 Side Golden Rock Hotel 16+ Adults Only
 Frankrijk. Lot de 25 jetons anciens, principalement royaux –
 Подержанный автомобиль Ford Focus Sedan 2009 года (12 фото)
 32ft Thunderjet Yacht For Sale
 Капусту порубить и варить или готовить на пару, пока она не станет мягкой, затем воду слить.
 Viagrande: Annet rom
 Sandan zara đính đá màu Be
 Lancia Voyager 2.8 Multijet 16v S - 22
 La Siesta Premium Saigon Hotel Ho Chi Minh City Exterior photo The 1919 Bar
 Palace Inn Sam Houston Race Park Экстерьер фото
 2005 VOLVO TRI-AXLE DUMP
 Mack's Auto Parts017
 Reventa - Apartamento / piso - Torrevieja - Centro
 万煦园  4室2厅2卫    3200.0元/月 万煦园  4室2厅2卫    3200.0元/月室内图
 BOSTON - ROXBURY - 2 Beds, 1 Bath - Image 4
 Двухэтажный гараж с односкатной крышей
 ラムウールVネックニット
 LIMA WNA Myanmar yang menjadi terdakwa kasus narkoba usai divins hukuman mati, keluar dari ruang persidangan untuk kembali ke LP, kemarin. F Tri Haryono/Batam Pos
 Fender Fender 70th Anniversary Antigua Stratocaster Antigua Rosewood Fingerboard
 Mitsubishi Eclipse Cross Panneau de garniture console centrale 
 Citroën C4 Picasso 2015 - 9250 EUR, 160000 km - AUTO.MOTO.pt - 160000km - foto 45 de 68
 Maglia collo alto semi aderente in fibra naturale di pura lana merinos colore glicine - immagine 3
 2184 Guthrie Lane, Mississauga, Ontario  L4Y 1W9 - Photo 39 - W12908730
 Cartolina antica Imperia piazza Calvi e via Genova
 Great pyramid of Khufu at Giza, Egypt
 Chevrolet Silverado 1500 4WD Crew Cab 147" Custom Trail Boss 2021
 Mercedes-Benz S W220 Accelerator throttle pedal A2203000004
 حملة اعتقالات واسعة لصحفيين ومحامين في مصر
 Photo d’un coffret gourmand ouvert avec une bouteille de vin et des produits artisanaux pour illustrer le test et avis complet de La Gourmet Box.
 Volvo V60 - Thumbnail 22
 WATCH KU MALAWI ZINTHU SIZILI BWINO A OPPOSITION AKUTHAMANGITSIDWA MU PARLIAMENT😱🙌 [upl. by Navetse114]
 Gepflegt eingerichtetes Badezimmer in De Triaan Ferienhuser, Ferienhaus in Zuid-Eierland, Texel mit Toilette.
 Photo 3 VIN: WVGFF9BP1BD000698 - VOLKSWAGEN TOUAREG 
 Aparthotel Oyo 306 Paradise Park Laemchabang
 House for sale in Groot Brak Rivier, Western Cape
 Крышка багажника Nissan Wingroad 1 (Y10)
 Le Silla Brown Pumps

= = = = = = =

▸ Task prompt: Would you please return all of the data exactly?

▸ Solution to the problem:
 Side Golden Rock Hotel 16+ Adults Only
 Frankrijk. Lot de 25 jetons anciens, principalement royaux –
 Подержанный автомобиль Ford Focus Sedan 2009 года (12 фото)
 32ft Thunderjet Yacht For Sale
 Капусту порубить и варить или готовить на пару, пока она не станет мягкой, затем воду слить.
 Viagrande: Annet rom
 Sandan zara đính đá màu Be
 Lancia Voyager 2.8 Multijet 16v S - 22
 La Siesta Premium Saigon Hotel Ho Chi Minh City Exterior photo The 1919 Bar
 Palace Inn Sam Houston Race Park Экстерьер фото
 2005 VOLVO TRI-AXLE DUMP
 Mack's Auto Parts017
 Reventa - Apartamento / piso - Torrevieja - Centro
 万煦园  4室2厅2卫    3200.0元/月 万煦园  4室2厅2卫    3200.0元/月室内图
 BOSTON - ROXBURY - 2 Beds, 1 Bath - Image 4
 Двухэтажный гараж с односкатной крышей
 ラムウールVネックニット
 LIMA WNA Myanmar yang menjadi terdakwa kasus narkoba usai divins hukuman mati, keluar dari ruang persidangan untuk kembali ke LP, kemarin. F Tri Haryono/Batam Pos
 Fender Fender 70th Anniversary Antigua Stratocaster Antigua Rosewood Fingerboard
 Mitsubishi Eclipse Cross Panneau de garniture console centrale 
 Citroën C4 Picasso 2015 - 9250 EUR, 160000 km - AUTO.MOTO.pt - 160000km - foto 45 de 68
 Maglia collo alto semi aderente in fibra naturale di pura lana merinos colore glicine - immagine 3
 2184 Guthrie Lane, Mississauga, Ontario  L4Y 1W9 - Photo 39 - W12908730
 Cartolina antica Imperia piazza Calvi e via Genova
 Great pyramid of Khufu at Giza, Egypt
 Chevrolet Silverado 1500 4WD Crew Cab 147" Custom Trail Boss 2021
 Mercedes-Benz S W220 Accelerator throttle pedal A2203000004
 حملة اعتقالات واسعة لصحفيين ومحامين في مصر
 Photo d’un coffret gourmand ouvert avec une bouteille de vin et des produits artisanaux pour illustrer le test et avis complet de La Gourmet Box.
 Volvo V60 - Thumbnail 22
 WATCH KU MALAWI ZINTHU SIZILI BWINO A OPPOSITION AKUTHAMANGITSIDWA MU PARLIAMENT😱🙌 [upl. by Navetse114]
 Gepflegt eingerichtetes Badezimmer in De Triaan Ferienhuser, Ferienhaus in Zuid-Eierland, Texel mit Toilette.
 Photo 3 VIN: WVGFF9BP1BD000698 - VOLKSWAGEN TOUAREG 
 Aparthotel Oyo 306 Paradise Park Laemchabang
 House for sale in Groot Brak Rivier, Western Cape
 Крышка багажника Nissan Wingroad 1 (Y10)
 Le Silla Brown Pumps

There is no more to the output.